I'm not the churchgoing type. I never did go in for Easter dresses or Bible studies or Mass (except Christmas Mass, which I still like). There was that unfortunate time in my teens when my mother dragged me to the Kingdom Hall to listen to the pontifications of the Jehovah's Witnesses. Considering how determined the Jehovah's Witnesses are to save you, I'm sure they would be horrified to know they knocked an interest in God right out of me. When I decided that I'd had enough, I called myself an atheist. Later, I decided I was really agnostic. When I outgrew that, I decided I did believe in God, I just didn't care much for organized religion. And don't get me started on missionaries. For those who worry about my heathen soul going to hell, don't worry. I get plenty of God on television.
If the five religious channels on digital cable or the church services on public access and daytime WB aren't enough for you, all you need to do is turn to prime time. Past offerings like The Flying Nun, Amen, and the short-lived Soul Man had religion as their backdrop, though they really didn't discuss the subject deeply. If anything, these shows used the costuming and circumstances of their religious characters for comic relief. Sister Bertrille's (Sally Field) cornette allowed her to take flight when the wind was just right, and Dan Aykroyd's Reverend Mike in Soul Man rode his Harley wearing a motorcycle jacket over his minister's garb. As for Amen, it's notable contribution was that it was the first show with a religious backdrop to be a hit. It starred Sherman Hemsley as an overbearing deacon with a cast of colorful church folk.
God came on stronger in the Eighties in Highway to Heaven (1984). Michael Landon played a probationary angel, sent to Earth to ride around the country on his motorcycle (again with the motorcycle), bringing messages of love and compassion to troubled humans. A similar, but much more blatant vehicle for religion is Touched by an Angel. Premiering in 1994, it stars Roma Downey as an angel-in-training, who intervenes on God's behalf to show wayward humans "the way," and most importantly, utter this line as dewy-eyed as possible at the climactic moment of each episode: "God loves you." A short-lived spin-off from Touched was The Promised Land.
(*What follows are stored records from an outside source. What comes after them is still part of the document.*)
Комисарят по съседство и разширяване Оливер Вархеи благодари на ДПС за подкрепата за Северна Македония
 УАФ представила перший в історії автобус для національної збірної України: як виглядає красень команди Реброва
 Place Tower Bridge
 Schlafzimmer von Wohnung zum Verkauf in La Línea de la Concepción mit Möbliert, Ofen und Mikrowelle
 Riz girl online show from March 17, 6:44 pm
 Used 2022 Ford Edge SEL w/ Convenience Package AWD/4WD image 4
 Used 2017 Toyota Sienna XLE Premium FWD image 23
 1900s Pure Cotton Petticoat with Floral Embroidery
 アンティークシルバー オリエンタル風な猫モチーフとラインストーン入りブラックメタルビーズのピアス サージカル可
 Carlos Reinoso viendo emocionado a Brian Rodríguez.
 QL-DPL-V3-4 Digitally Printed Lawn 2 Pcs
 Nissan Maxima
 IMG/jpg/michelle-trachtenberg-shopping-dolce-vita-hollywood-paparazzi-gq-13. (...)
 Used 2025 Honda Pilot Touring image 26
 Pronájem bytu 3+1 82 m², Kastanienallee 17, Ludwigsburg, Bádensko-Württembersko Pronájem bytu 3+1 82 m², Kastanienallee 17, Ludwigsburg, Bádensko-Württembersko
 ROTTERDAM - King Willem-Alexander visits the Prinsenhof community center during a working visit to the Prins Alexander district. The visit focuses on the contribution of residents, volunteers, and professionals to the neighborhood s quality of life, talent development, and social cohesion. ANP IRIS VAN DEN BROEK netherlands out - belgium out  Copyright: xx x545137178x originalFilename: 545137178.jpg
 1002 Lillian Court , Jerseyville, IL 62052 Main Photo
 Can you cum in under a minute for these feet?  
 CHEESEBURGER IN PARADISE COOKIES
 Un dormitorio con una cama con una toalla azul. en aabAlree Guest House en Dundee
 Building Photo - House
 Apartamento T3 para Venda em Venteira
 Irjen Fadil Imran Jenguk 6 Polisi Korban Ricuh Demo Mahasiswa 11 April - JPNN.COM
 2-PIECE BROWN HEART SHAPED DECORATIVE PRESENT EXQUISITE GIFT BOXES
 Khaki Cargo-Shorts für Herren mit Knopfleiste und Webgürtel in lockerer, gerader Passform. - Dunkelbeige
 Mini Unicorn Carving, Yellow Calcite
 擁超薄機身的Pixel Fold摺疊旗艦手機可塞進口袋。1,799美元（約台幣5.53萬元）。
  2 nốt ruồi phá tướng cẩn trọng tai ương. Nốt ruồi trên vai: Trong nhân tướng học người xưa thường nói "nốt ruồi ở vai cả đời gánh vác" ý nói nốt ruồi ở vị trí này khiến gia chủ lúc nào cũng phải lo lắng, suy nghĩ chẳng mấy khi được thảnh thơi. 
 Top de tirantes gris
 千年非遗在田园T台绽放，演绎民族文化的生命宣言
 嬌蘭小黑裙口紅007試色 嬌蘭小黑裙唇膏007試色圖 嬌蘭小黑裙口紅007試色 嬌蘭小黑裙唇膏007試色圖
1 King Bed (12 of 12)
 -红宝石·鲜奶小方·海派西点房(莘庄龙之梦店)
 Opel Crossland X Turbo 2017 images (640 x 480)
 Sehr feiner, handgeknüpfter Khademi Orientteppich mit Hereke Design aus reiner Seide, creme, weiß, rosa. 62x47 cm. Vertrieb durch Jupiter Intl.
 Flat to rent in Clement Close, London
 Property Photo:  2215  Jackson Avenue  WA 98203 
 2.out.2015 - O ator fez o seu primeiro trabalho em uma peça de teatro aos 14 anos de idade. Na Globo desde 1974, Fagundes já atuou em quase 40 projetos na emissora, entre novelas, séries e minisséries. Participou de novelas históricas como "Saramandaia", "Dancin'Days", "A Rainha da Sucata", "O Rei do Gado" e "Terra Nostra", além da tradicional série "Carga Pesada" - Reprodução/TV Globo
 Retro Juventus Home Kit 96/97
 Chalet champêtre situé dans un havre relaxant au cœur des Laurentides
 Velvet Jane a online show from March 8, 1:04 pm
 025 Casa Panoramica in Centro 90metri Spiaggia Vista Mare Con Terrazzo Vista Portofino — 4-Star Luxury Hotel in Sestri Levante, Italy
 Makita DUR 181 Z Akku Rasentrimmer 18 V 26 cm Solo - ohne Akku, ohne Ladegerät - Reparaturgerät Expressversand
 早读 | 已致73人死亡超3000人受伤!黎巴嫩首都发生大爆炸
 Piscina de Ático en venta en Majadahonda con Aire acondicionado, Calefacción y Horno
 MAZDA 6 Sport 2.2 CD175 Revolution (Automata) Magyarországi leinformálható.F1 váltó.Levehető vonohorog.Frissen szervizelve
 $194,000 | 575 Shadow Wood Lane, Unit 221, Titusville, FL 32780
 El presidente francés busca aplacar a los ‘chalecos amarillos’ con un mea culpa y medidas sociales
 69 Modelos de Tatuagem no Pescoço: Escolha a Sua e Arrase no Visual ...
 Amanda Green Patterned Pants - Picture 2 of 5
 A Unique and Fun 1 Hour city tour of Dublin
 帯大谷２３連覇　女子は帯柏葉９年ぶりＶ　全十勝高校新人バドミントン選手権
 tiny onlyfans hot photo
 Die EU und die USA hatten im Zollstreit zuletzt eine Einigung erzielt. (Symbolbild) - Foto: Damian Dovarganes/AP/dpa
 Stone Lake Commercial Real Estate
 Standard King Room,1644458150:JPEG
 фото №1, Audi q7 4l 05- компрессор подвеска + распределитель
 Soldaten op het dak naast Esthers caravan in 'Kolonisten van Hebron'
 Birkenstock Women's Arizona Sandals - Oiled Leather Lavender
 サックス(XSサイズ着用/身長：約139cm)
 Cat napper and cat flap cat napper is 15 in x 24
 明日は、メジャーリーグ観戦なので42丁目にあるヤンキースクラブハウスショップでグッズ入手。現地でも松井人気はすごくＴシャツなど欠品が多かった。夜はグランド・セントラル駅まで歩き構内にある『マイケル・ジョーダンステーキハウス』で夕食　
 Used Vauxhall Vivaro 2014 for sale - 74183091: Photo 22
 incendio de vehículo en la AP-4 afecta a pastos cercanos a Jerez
This time it was a family fresh from their encounter with angels, set upon the open road to inspire goodwill among men.
It wasn't till 1999 that a likable, quirky dramedy not only assumed the presence of God, but the devil, too. In USA's Good vs. Evil (formerly GvsE and now canceled), Clayton Rohner played Chandler Smythe, a murdered reporter invited to join "the corp," heavenly agents who abort human-made pacts with the devil and battle Morlocks -- bitter people whose deals with the devil didn't take. Smythe worked Hollywood with his partner Henry McNeil (Richard Brooks) searching for almost-lost souls.
According to these prime-time representations of religion, humans are constantly in need of divine guidance and must be saved by a male, Christian God who only shows himself through the face of mostly well-groomed, well-meaning white folks (except McNeil, who was black). Speaking of well-groomed white folks, 7th Heaven, the WB's longest running and most popular show, has been espousing wholesome Christian family values since 1996.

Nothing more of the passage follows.